> DATA FOR THE TASK
* * *

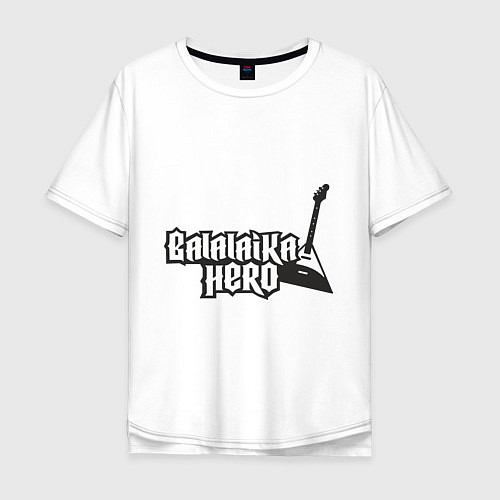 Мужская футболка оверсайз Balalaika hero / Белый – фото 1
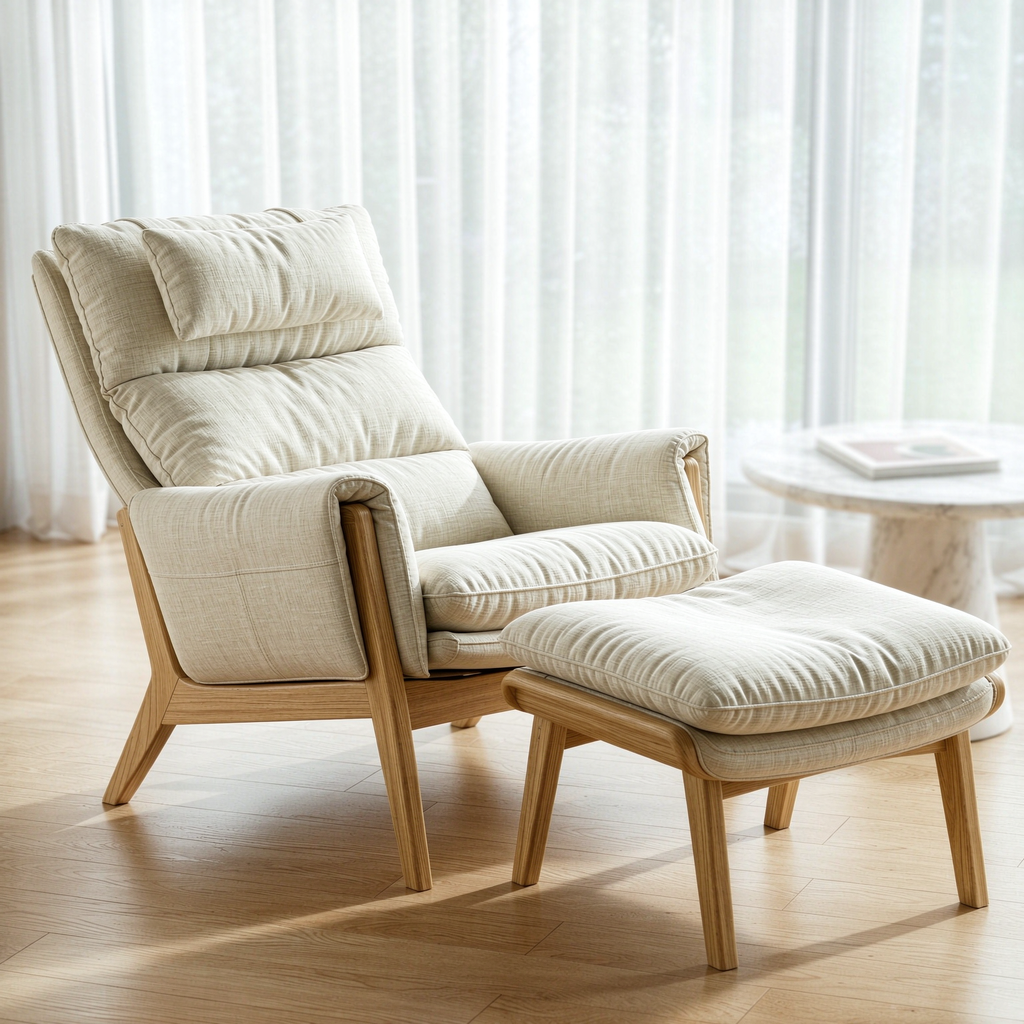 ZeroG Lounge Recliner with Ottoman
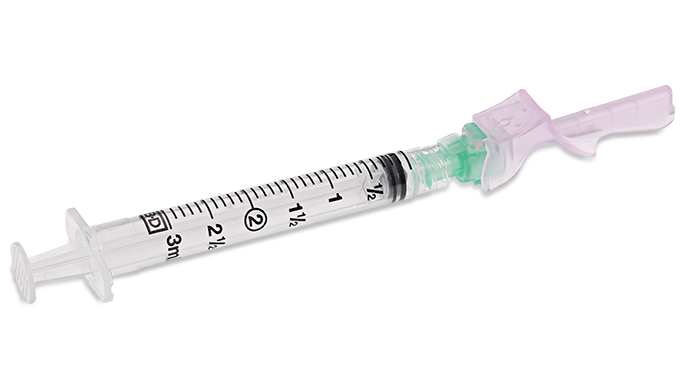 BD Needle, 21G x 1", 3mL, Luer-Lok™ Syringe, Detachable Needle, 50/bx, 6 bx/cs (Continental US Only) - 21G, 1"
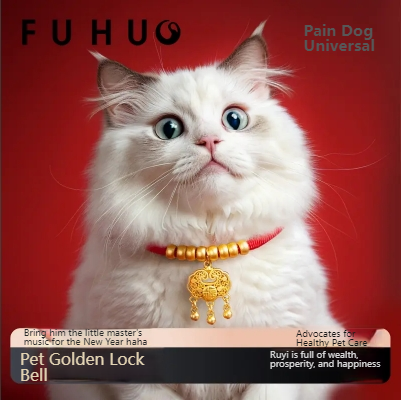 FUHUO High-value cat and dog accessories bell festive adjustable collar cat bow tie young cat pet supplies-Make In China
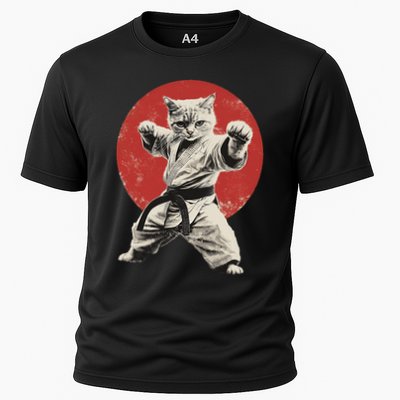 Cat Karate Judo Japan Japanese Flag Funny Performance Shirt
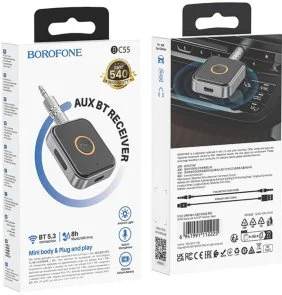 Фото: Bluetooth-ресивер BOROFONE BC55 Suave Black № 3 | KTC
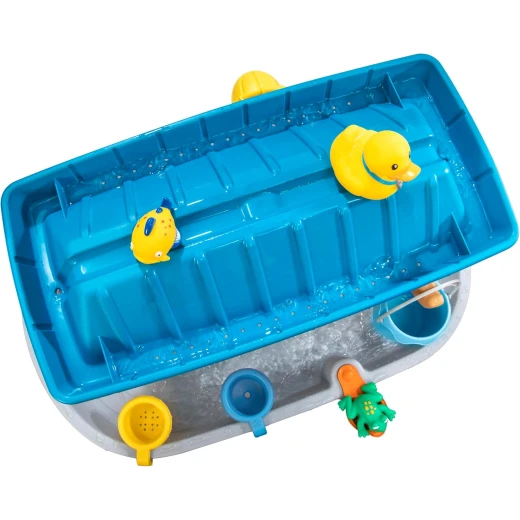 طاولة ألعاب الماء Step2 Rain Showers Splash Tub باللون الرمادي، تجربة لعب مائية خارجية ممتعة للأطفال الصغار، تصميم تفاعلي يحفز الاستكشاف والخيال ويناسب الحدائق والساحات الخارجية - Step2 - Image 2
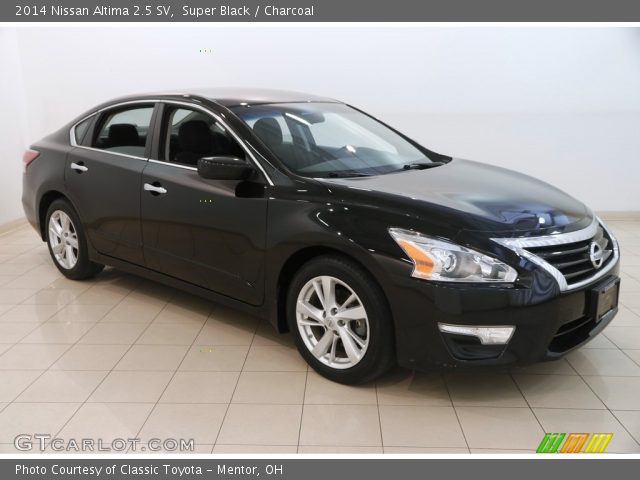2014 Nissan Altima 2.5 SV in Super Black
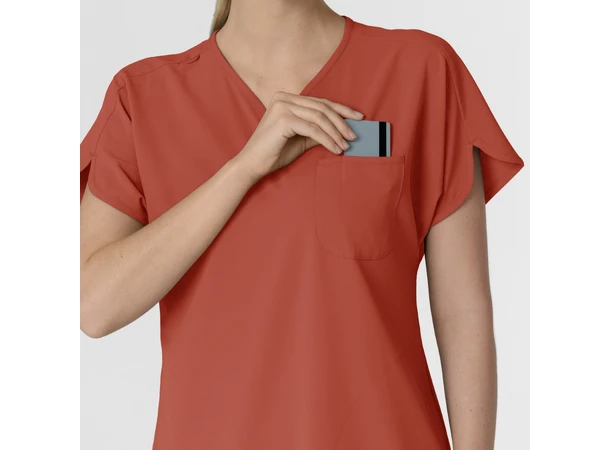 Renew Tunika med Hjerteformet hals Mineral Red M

* * *

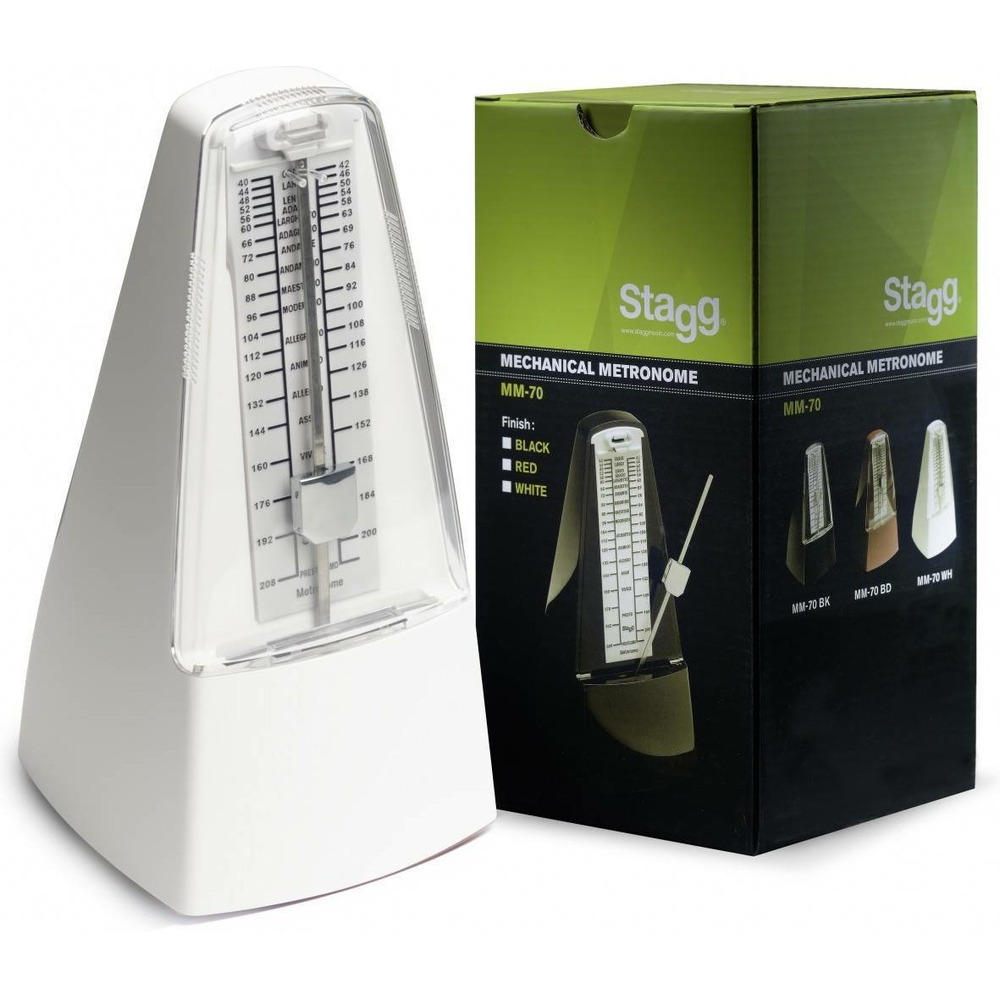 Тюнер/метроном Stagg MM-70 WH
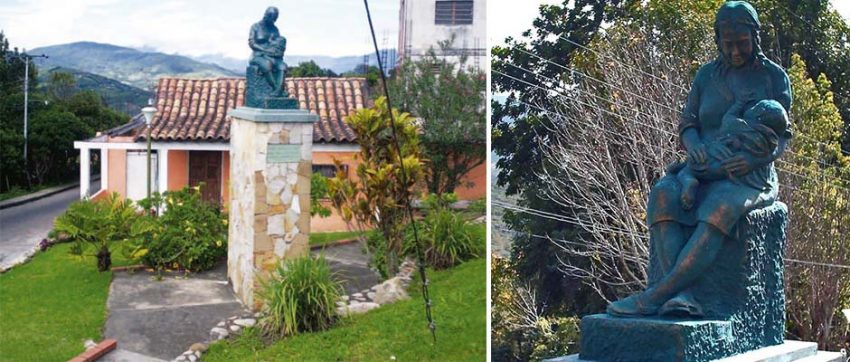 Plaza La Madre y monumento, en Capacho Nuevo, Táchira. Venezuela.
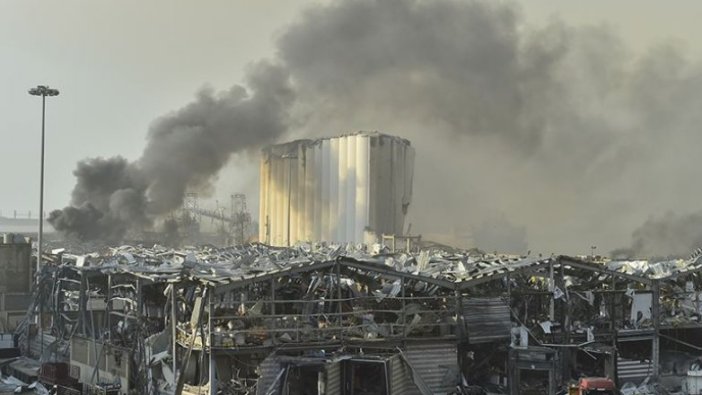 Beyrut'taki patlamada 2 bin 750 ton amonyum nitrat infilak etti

* * *

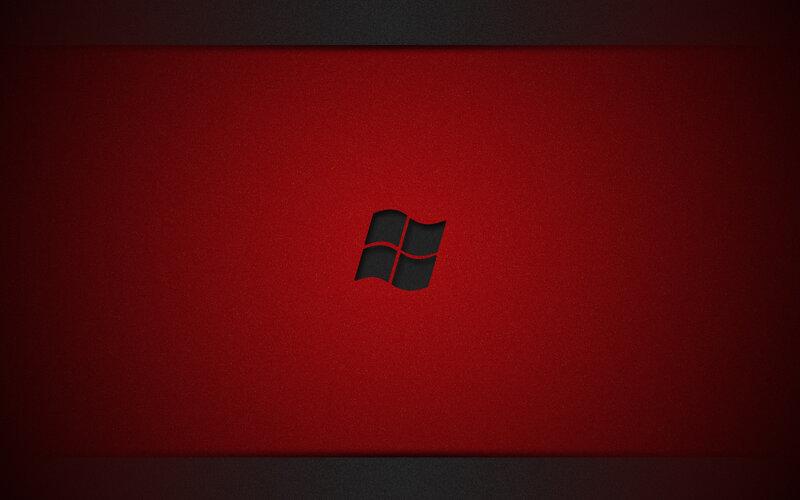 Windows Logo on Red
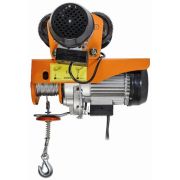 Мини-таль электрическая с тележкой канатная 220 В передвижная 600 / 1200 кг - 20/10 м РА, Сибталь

* * *

> YOUR GOAL
Leaving all pictures out, output exactly the lines of the material above from the line with "Мужская футболка оверсайз" to the line with "FUHUO High-value cat", both included.

> REPLY
 Мужская футболка оверсайз Balalaika hero / Белый – фото 1
 ZeroG Lounge Recliner with Ottoman
 BD Needle, 21G x 1", 3mL, Luer-Lok™ Syringe, Detachable Needle, 50/bx, 6 bx/cs (Continental US Only) - 21G, 1"
 FUHUO High-value cat and dog accessories bell festive adjustable collar cat bow tie young cat pet supplies-Make In China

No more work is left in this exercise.